Superintendents in Gilmer, Marion and Taylor counties all support some level of in-person learning, but their local boards of education have voted against it, State Superintendent Clayton Burch said.

Burch told the board that he “cannot support depriving families of that option.”

“The safest workplace and the safest place for children in our state, is in a school,” said state board member Stanley Maynard.

“By closing our schools, the people we hurt most are the most disadvantaged,” said board member James Wilson.

Board member Debra Sullivan suggested that the state board invite officials from the three remaining counties to meet with the state board to learn more about the individual counties’ challenges. Burch said that he’s already spoken to those counties and doesn’t believe bringing officials in is necessary, laying the blame on the local boards of education. However, when questioned by the state board, Burch was not able to offer all of the specifics the board was looking for on why the three remaining counties made the decisions they made.
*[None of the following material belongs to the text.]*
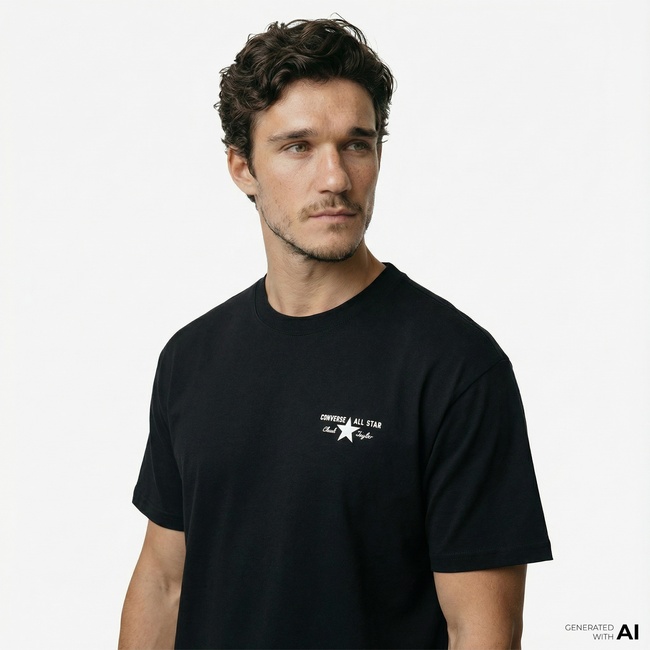  Converse Erkek Grafik Baskılı Siyah T-Shirt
Another board member suggested holding virtual meetings with the state board and the local county boards.

“They are not going to do it their way, it’s not going to happen!”, said state President Miller Hall, referring to the three counties. “I hope they’re listening. Get it done!” Hall continued. “How much time are we going to give them?” Hall asked.

Legal counsel for the state board reported that it’s possible recourses are:

  • The state could withhold funding from counties
  • The state board could intervene in the counties
  • The state board could declare days that in-person learning isn’t offered don’t count as official school days, meaning those days would have to be made up
  • The state could restrict students in those counties from participating in extracurricular activities, like sports
  • The state board could take legal action against the counties, as could parents in those counties

Several board members, including Hall, suggested waiting until the state board’s next meeting, which is set for January 26 at 10:00 a.m., before taking any further action, which is how the meeting ended.

Several counties, including Harrison and Monongalia counties, made last minute decisions to offer in-person options.

On Tuesday, West Virginia State Senate Democrats issued a statement calling for school decisions to be made locally.